It isn't one or the other.  You need both.  They do different things
and for different reasons.

A normal daily cycle for me on any sytem is usually this sequence.
Note that I am using both 'etckeeper' and have backups and thefore
have no fear of purging an /etc configuration that I might want to
refer to again later.  Therefore I always purge instead of remove to
keep the system clean.

  1. apt-get update
  2. apt-get upgrade
  3. apt-get dist-upgrade
  4. apt-get autoremove --purge
  5. apt-get clean
  6. reportbug --ui=text brokenpackage

On a Sid Unstable system there are a lot of transitions.  Running
dist-upgrade only mostly works but sometimes the transitions and other
noise confuse APT and it wants to take a different path than we want
it to take.  Such as to remove everything.  Running upgrade first
upgrades everything that can be upgraded without removing anything or
adding anything.  Then the subsequent dist-upgrade has a simpler
solution to find and will usually do the right thing.

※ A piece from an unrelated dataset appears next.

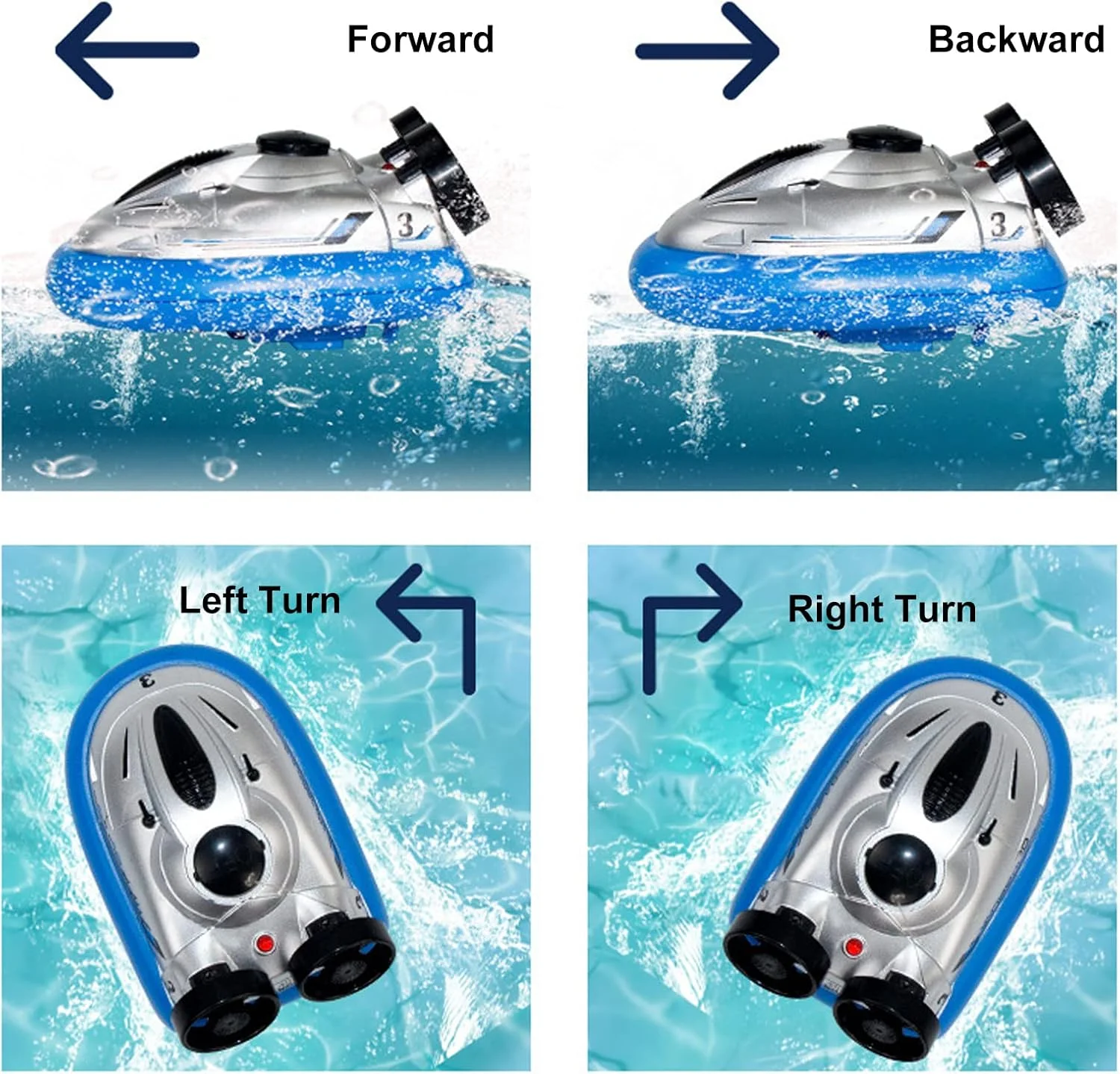هواپیمای شناور کنترلی Labymos، 2.4 گیگاهرتز، حرکت به جلو، عقب، چپ و راست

Even during our current freeze in Sid there are always a lot of daily
thrash of package churn.  And this time is the quiet time.
Immediately after release when Sid unfreezes the floodgates will be
open and there will be a lot of daily breakage.  In that case step 6
is reportbug.  When the thrash is high is when Unstable also needs to
have Testing set in the sources.list.  Sometimes that is required to
step across transitions.

On Testing it is again the same.  It isn't quite as crazy as Unstable.
Thank the people running Unstable and reporting bugs preventing those
bugs from flowing into Testing.  Again running upgrade followed by
dist-upgrade leads APT more gently through and avoids a lot of problems.

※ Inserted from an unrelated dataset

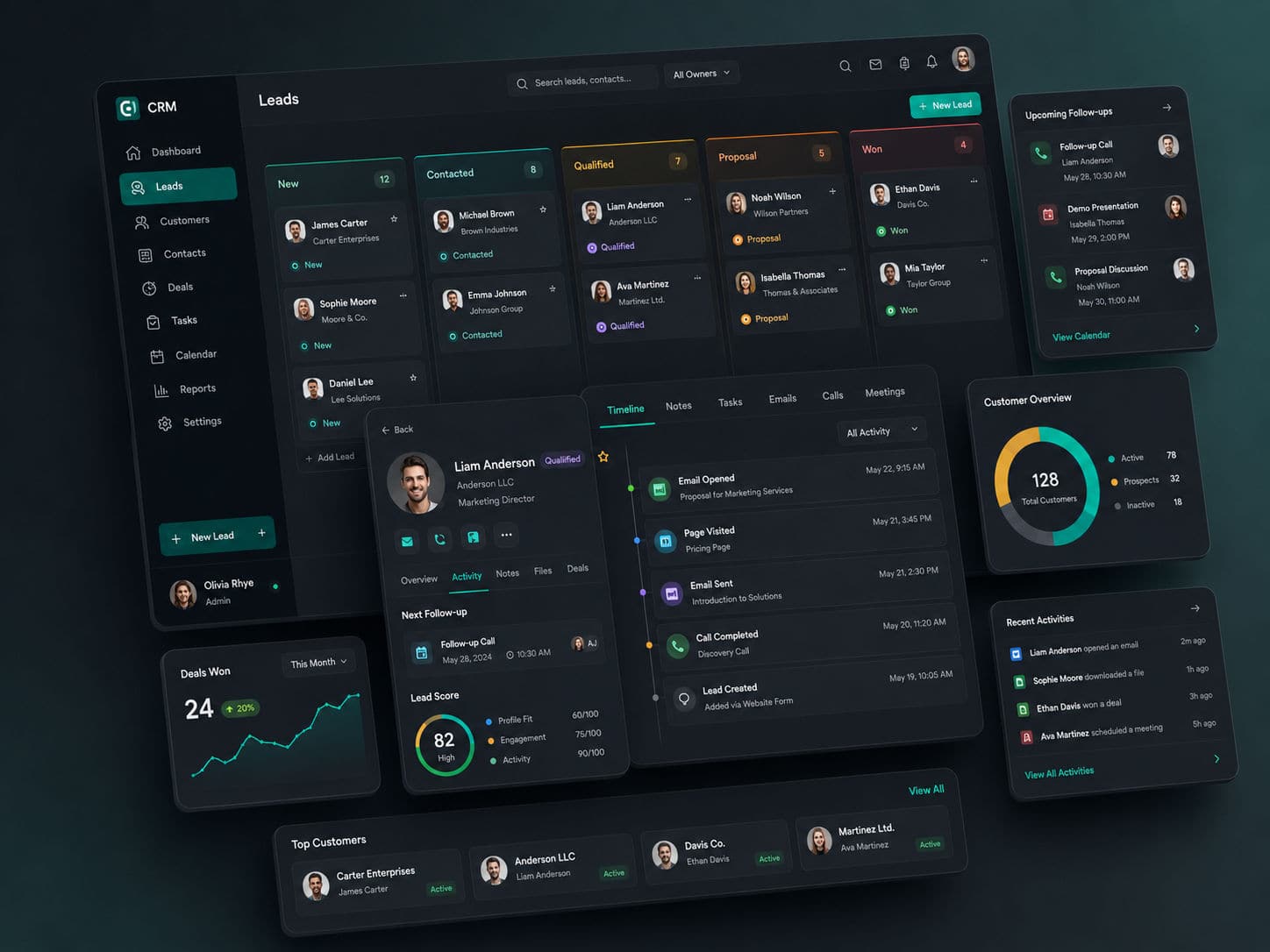 Custom CRM Development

On a Stable sytem 99.44% of the time only 1 and 2 are needed and I
stop there and jump to clean and then stop.  But every BIND9 security
upgrade for example always pulls in new libraries and can't be
upgraded in place.  Therefore after the upgrade if there are packages
still pending then I proceed through dist-upgrade and the rest.  I
strongly recommend using upgrade first followed by dist-upgrade.
Hopefully reportbug is only rarely needed on Stable.